What I didn’t know when I returned the call was that he also was once a Birmingham News reporter, and that a book he’s penning, inspired by a 1959 story he covered there, has unbelievable Covington County ties.

It was in June of that year when the dismembered bodies of two men were found spread over at least three counties. With mere shreds of evidence, and the identity of the victims unknown, state and Calhoun County authorities asked then-Birmingham News cartoonist Charles Brooks to sketch what the victims might have looked like.

Brooks, a native Andalusian, couldn’t have known the men whose faces he imagined were from Covington County.

Days after those sketches were printed in The News, somebody who thought one of the faces was familiar tipped authorities. Authorities went to the Calhoun County farm where that man lived, and from there solved the mystery.

The men were brothers Lee A. Harper, 55, and Emmett Harper, 48. Both World War II veterans, they lived in a trailer on a farm near Anniston.

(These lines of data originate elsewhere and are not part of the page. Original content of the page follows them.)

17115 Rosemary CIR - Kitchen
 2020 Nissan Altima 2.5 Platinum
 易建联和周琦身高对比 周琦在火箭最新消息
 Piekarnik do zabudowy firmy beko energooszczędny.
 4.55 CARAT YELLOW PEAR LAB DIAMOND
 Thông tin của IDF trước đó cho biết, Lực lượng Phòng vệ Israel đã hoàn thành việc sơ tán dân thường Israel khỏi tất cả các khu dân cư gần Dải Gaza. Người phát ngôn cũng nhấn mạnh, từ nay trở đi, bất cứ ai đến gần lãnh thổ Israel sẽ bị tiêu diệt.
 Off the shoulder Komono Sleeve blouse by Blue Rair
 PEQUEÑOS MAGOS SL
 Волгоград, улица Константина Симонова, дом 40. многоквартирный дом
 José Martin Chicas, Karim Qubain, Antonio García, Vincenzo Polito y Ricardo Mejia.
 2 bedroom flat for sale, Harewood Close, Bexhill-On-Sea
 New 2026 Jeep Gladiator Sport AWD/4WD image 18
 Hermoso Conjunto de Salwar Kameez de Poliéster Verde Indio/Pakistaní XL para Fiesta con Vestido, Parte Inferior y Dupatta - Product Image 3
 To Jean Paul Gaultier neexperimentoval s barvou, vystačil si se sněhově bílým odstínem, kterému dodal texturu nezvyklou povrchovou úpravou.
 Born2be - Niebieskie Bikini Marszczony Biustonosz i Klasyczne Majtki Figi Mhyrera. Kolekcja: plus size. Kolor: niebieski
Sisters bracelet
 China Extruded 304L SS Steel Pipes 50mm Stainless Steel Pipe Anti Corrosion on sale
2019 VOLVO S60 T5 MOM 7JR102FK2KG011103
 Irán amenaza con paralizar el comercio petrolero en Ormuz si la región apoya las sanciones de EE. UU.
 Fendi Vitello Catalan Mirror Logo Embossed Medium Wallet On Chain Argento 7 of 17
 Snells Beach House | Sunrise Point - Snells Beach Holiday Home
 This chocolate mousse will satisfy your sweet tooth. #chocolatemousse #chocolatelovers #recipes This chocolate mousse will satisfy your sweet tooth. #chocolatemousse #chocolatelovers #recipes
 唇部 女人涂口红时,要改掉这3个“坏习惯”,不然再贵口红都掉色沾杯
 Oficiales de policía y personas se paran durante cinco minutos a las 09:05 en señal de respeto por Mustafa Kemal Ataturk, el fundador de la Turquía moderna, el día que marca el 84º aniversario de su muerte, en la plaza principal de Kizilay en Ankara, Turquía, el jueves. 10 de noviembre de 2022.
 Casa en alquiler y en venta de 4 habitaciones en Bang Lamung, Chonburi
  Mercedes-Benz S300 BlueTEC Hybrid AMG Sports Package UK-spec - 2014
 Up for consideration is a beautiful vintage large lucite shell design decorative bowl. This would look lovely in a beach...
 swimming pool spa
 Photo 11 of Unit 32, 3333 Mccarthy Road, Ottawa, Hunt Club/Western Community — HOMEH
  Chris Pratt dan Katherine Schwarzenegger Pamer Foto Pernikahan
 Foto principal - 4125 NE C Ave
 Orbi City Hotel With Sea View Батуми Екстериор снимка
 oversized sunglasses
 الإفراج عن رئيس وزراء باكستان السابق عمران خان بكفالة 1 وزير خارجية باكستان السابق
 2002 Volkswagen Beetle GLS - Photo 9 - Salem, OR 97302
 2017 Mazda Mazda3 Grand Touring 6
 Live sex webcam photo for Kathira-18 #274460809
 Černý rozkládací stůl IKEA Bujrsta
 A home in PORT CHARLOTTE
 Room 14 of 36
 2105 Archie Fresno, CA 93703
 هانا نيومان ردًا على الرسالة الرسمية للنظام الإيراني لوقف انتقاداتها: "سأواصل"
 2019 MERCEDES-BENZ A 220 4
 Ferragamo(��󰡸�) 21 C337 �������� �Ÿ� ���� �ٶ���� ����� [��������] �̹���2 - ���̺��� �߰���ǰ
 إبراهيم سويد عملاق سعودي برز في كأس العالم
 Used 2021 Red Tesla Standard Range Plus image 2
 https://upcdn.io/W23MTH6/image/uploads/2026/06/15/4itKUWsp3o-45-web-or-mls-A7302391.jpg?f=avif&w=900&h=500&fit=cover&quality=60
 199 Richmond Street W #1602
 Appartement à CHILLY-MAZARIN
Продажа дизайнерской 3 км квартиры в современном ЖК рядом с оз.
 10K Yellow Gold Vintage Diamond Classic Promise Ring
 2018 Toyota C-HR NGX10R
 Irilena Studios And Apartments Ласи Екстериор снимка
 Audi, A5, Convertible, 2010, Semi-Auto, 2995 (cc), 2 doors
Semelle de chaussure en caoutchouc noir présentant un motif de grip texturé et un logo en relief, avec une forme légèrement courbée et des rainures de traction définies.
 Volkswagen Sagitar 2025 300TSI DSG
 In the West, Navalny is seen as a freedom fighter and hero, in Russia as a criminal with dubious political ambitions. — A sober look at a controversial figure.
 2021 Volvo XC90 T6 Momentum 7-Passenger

Lee Harper worked at the Anniston Army Depot; Emmett Harper did construction work.

A thirty-something-year-old woman, the daughter of the farmer on whose property they lived, was charged with first degree murder. Described by Ed Dannelley in The Star-News as a “plump, black-haired woman,” Viola Hyatt was alleged to be in a relationship with one of the brothers.

Mr. Brown called because he was seeking help to determine one thing: Where were the men buried? Their bodies were interred in a pauper’s grave in Calhoun County before they were identified, but he couldn’t find the graves. Might there be someone here – even a surviving relative – who could help him with those answers?

Ever curious, I promised to be in touch over the weekend with names of those who might help. Hours, stories, and a small office flood later, I pulled the bound volume with 1959 editions of The Star-News. Within moments, I was looking at a side-by-side comparison of Charles Brooks’ drawings and photographs of the brothers.

I also learned that the brothers were laid to rest at Oak Grove Baptist Church near Gantt with graveside services that attracted hundreds.

The brothers owned a home at Clearview, and had three brothers living in the area at the time of their deaths – Bob, Fred and Joe.

No doubt, Mr. Brown will be happy to get the information. But he’d also like to hear from any living family members who might also provide him insight.